As of Tuesday, there were 291 people in Saskatchewan hospitals for COVID-related illnesses or incidental infections. Of those, 33 were in intensive care.
Health Minister Paul Merriman admitted during a new conference Monday that hospitals in Regina and Saskatoon were full.
“We have to start using our rural capacity,” Merriman told reporters. “I know rural Saskatchewan is already stretched as far as some staffing challenges out there, but we need to be able to utilize those beds and I know that the people on the front line will be able to rise to the occasion.”
But Zambory said there’s no proverbial “pulling up your boots” this time.
“I can tell you that there is no capacity in the rural facilities either,” Zambory said.
The SUN president said capacity is stretched because Saskatchewan is in a “health human resource crisis.”
“We are missing physicians, registered nurses (and people who work in) labs. I’ve heard of a number of facilities that have had to go on bypass over the weekend because they didn’t have proper staff in different areas to allow them to remain open to the public,” Zambory said.
That crisis has to do with more than 1,000 health-care workers who have either recently been off sick or are isolating. She said the number continues to grow, too.
“When the board members heard Minister Merriman say that people would be sent out into the rural areas, they’re very, very upset by this because it appears that there really isn’t a whole lot of thought going into this,” Zambory said.
Jim Rickwood, the mayor of Biggar, said rural health-care and nursing shortages are issues that should have been addressed by the province much earlier, long before the once-unforeseen problem of COVID-19.
“We are short of nurses. They do know that,” Rickwood said. “I don’t think they get the concept of the degree that it affects the anxiety of the community and we pay a great deal of tax dollars for health care and education.”
Estevan Mayor Roy Ludwig said his city needed help at one point and if it can help this time, it will — but not at the expense of its own residents.
“Personally, I do not have an issue and I don’t think it’s a problem for us to help out where we can … with the intention that we, then, don’t want to become overwhelmed,” Ludwig said.

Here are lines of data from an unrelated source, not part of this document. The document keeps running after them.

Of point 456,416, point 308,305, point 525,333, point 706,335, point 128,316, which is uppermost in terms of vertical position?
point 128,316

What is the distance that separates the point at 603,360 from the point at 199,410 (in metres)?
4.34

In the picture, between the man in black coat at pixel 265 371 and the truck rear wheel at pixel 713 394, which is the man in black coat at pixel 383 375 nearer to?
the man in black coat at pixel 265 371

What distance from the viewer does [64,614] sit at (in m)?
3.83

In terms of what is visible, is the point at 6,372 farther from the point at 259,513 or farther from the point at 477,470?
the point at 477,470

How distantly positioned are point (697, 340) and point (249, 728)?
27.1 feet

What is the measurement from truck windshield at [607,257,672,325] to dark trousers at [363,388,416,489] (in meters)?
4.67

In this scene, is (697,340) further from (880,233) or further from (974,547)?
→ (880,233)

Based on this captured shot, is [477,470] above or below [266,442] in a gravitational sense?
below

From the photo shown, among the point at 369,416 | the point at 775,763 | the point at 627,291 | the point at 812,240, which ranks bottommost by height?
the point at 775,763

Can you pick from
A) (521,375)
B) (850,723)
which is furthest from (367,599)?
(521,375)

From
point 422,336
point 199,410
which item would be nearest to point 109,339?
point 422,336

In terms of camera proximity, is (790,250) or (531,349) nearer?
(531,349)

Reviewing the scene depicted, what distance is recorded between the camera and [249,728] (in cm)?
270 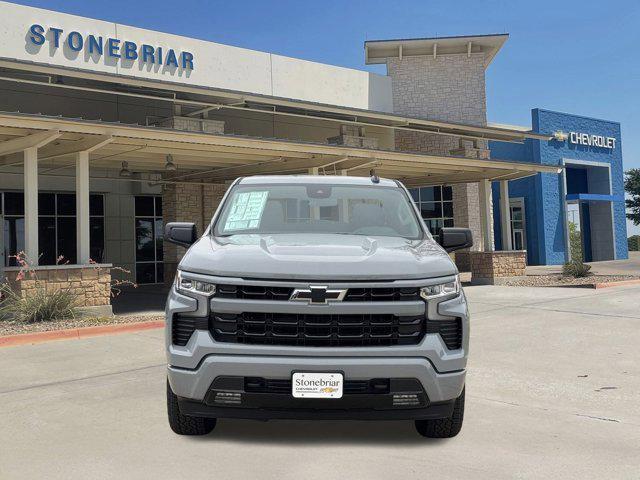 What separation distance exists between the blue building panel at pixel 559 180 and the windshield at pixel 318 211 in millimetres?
28010

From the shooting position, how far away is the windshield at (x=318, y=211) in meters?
5.25

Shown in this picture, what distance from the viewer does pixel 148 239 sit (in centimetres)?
2334

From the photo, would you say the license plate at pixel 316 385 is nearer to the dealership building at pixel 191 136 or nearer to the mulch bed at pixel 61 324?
the mulch bed at pixel 61 324

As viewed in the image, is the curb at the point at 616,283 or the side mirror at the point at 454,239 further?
the curb at the point at 616,283

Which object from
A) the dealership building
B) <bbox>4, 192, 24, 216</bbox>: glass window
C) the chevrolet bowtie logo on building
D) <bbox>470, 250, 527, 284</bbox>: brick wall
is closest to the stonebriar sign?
the dealership building

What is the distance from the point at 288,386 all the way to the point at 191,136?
9.82 m

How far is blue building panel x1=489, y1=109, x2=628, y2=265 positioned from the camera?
1251 inches

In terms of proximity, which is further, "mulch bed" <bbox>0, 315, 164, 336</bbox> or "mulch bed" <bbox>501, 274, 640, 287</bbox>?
"mulch bed" <bbox>501, 274, 640, 287</bbox>

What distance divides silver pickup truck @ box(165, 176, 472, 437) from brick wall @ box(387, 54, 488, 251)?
2197 centimetres

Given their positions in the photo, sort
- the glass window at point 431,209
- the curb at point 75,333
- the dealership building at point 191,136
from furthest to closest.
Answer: the glass window at point 431,209 → the dealership building at point 191,136 → the curb at point 75,333

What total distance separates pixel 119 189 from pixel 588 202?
2831 centimetres

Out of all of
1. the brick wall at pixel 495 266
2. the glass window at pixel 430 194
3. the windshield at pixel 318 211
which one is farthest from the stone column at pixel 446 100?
the windshield at pixel 318 211

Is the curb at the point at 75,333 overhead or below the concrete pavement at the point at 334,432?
overhead

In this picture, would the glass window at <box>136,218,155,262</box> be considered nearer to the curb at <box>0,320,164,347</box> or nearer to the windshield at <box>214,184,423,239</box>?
the curb at <box>0,320,164,347</box> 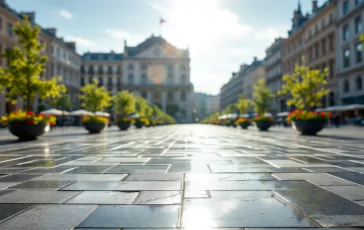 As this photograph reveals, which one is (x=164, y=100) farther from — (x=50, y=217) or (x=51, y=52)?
(x=50, y=217)

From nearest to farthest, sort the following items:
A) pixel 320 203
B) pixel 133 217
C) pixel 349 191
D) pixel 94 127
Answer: pixel 133 217, pixel 320 203, pixel 349 191, pixel 94 127

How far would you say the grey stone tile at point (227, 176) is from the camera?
12.0 feet

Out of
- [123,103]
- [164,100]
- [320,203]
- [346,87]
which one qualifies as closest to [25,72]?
[320,203]

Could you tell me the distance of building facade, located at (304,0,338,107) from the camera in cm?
3381

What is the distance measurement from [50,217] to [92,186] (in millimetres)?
1045

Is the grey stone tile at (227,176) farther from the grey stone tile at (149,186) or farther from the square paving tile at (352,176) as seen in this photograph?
the square paving tile at (352,176)

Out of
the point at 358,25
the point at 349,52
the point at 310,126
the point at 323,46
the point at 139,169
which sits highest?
the point at 358,25

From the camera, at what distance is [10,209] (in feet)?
7.77

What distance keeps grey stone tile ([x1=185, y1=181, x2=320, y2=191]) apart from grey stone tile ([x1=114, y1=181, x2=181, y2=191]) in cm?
16

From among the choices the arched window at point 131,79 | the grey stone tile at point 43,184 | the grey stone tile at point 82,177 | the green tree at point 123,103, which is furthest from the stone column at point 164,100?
the grey stone tile at point 43,184

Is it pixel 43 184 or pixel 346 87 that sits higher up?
pixel 346 87

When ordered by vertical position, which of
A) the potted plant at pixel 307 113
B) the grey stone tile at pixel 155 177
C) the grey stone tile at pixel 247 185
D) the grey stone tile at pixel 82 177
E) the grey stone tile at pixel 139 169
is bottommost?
the grey stone tile at pixel 139 169

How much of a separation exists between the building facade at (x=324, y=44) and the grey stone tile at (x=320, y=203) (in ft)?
114

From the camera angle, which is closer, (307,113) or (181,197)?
(181,197) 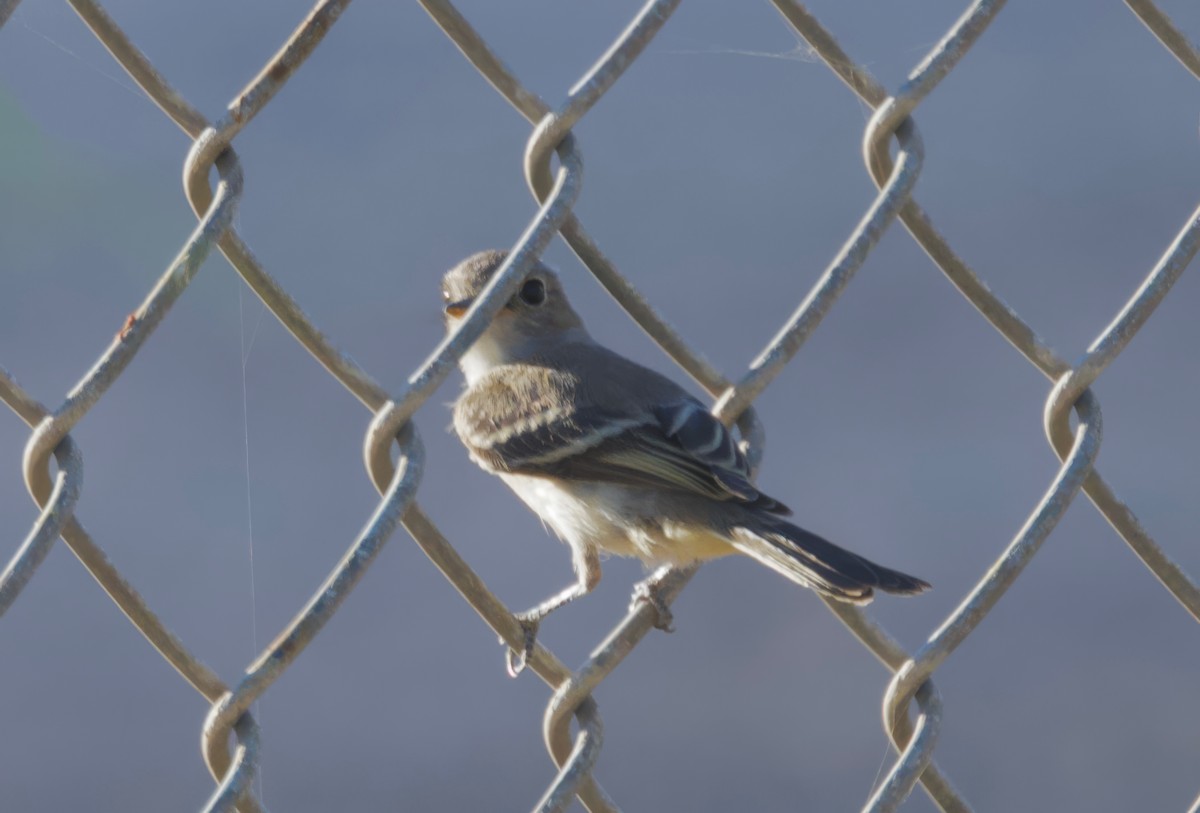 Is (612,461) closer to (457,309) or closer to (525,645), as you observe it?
(457,309)

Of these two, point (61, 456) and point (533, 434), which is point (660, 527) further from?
point (61, 456)

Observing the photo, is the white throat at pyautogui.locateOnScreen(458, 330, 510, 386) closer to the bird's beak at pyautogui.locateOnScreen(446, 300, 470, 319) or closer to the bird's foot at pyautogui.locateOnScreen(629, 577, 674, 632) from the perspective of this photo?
the bird's beak at pyautogui.locateOnScreen(446, 300, 470, 319)

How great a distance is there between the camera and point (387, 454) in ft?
4.72

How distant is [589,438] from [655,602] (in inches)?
22.3

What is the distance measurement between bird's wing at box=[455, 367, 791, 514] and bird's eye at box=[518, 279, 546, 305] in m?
0.38

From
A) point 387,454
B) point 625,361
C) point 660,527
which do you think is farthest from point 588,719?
point 625,361

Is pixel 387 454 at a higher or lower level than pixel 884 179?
lower

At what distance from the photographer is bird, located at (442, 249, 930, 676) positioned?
7.60 ft

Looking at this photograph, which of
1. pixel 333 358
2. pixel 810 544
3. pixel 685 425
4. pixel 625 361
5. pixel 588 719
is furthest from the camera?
pixel 625 361

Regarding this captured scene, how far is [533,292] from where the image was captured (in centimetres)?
293

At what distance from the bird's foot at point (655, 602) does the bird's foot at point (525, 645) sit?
0.14 metres

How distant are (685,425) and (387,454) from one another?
1.05 m

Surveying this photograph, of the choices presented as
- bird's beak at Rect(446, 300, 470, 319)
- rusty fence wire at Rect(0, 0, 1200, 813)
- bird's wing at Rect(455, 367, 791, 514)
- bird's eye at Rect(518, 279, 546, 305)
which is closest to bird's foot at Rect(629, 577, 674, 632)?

He said he sees the value of communities in the province providing assistance to each other where possible.
In Davidson — halfway between Saskatoon and Regina — Mayor Elaine Ebenal said staff are putting in long hours.
“I think they have kept a bed or two here empty so if someone comes, (they can help),” Ebenal said. “It’s not like (urban facilities) are sending 50 people out here.
“I think all our health-care workers everywhere are getting played out because we get COVID here too.”
Ebenal said right now, Davidson is dealing with “quite a bit” of the virus in the community.
“The leadership of this province is playing a huge gamble with the lives of the people of Saskatchewan, with the health-care system itself and, frankly, with the ability to have professionals working and being able to function inside of the system,” Zambory said.